- Task material

+--

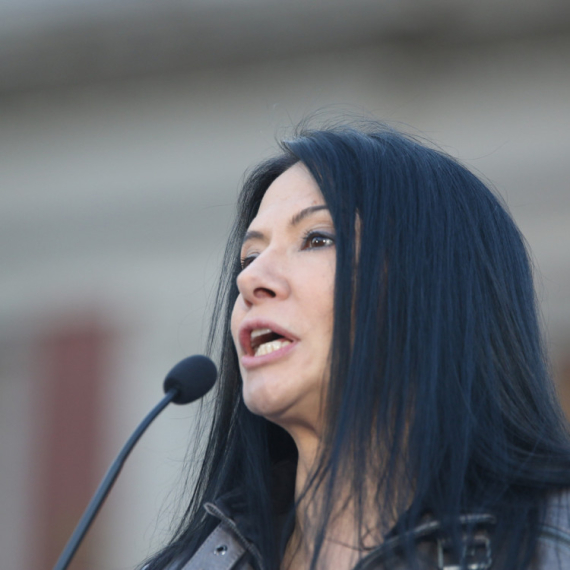 Biljana Lukić ponovo širi laži pa priziva građanski rat FOTO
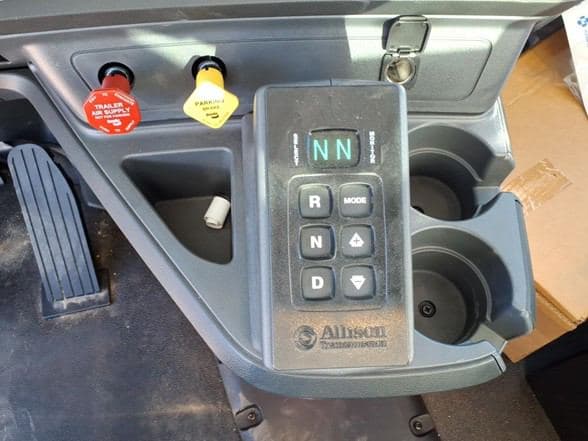 2026 Kenworth T880 image 14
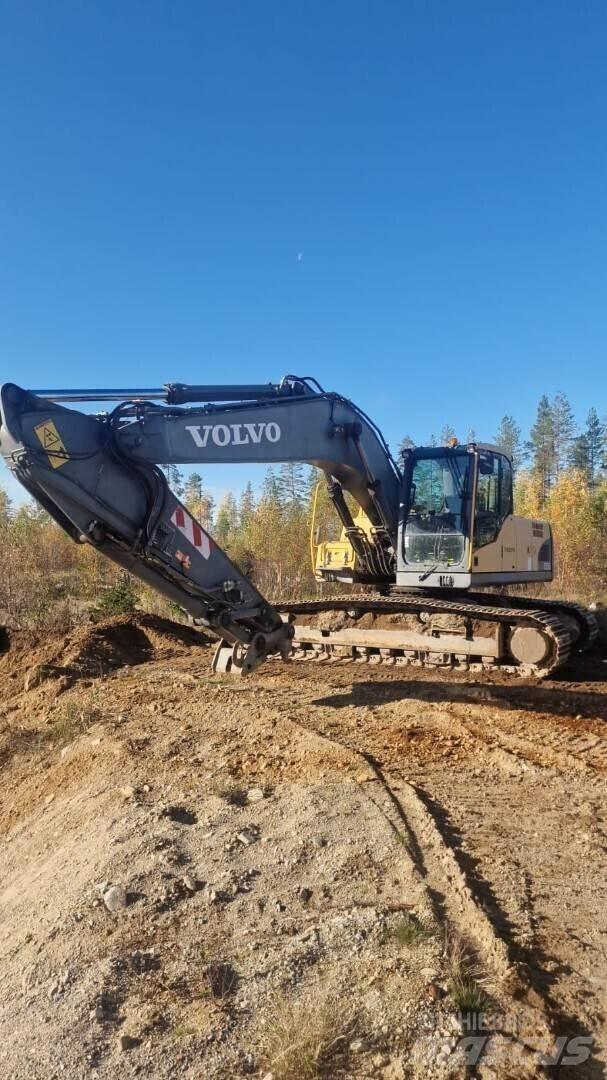 Volvo 210C Bageri guseničari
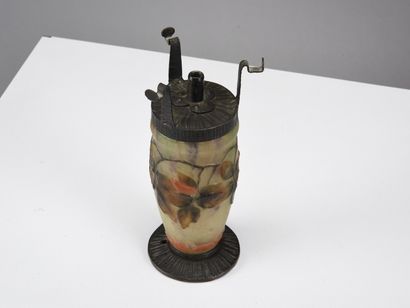  Gabriel ARGY-ROUSSEAU (1885-1953) 
Pied de lampe 
Épreuve en pâte de verre crème...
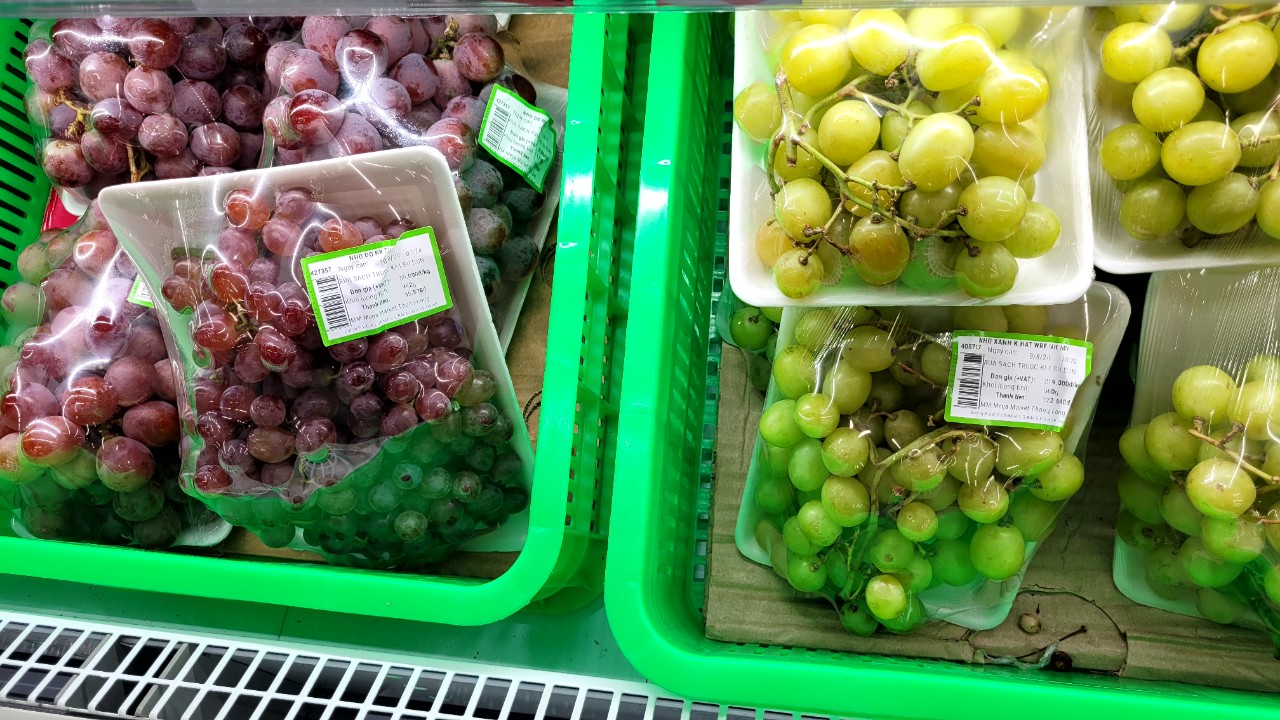 Nho Trung Quốc gi&aacute; si&ecirc;u rẻ "tr&agrave;n ngập" thị trường- Ảnh 2.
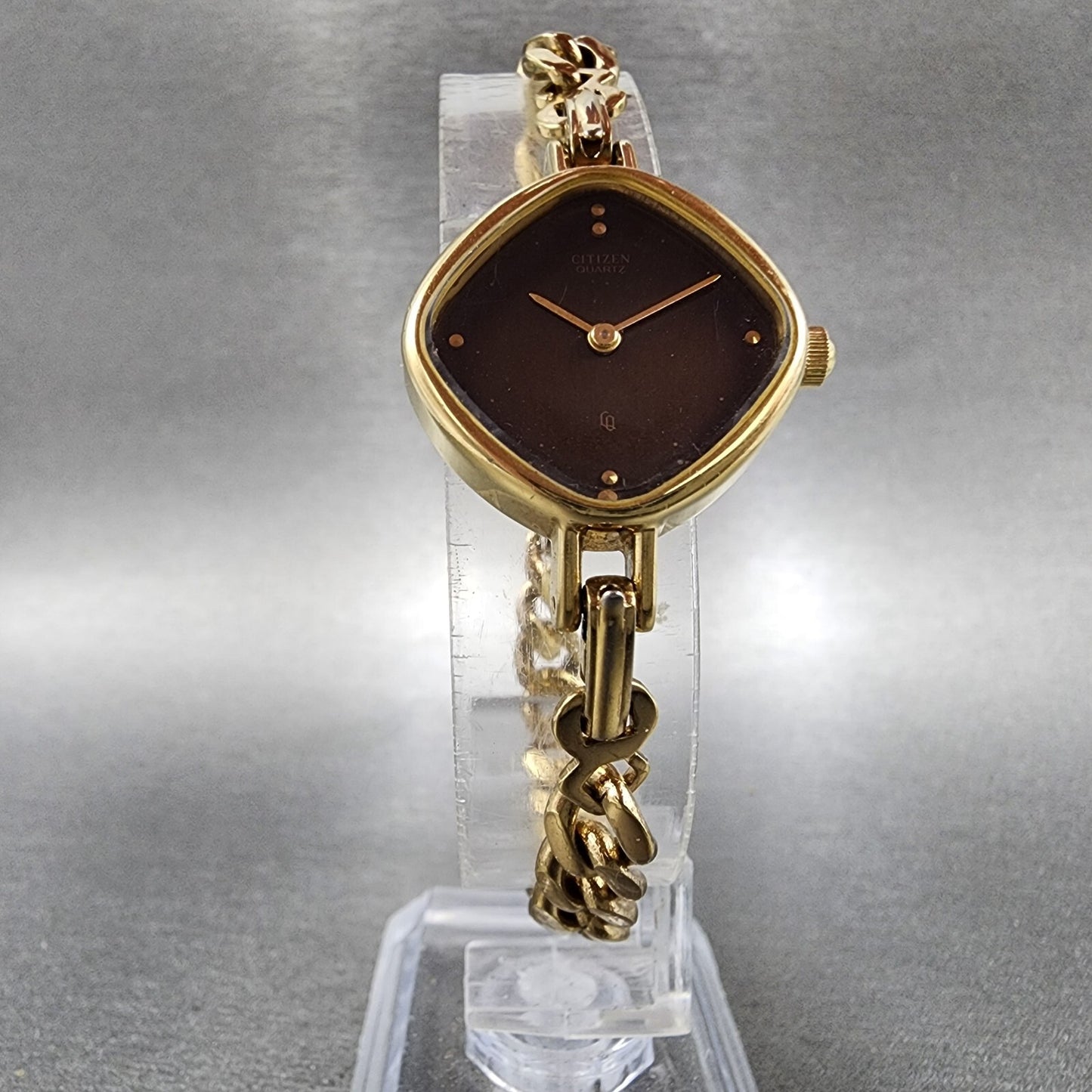Citizen CQ Watch Women 23mm Black Dial Gold Tone Square 4832256 New Battery7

+--

- Problem details
Give back the full listing word for word, with the pictures left out.

- Response below
 Biljana Lukić ponovo širi laži pa priziva građanski rat FOTO
 2026 Kenworth T880 image 14
 Volvo 210C Bageri guseničari
  Gabriel ARGY-ROUSSEAU (1885-1953) 
Pied de lampe 
Épreuve en pâte de verre crème...
 Nho Trung Quốc gi&aacute; si&ecirc;u rẻ "tr&agrave;n ngập" thị trường- Ảnh 2.
Citizen CQ Watch Women 23mm Black Dial Gold Tone Square 4832256 New Battery7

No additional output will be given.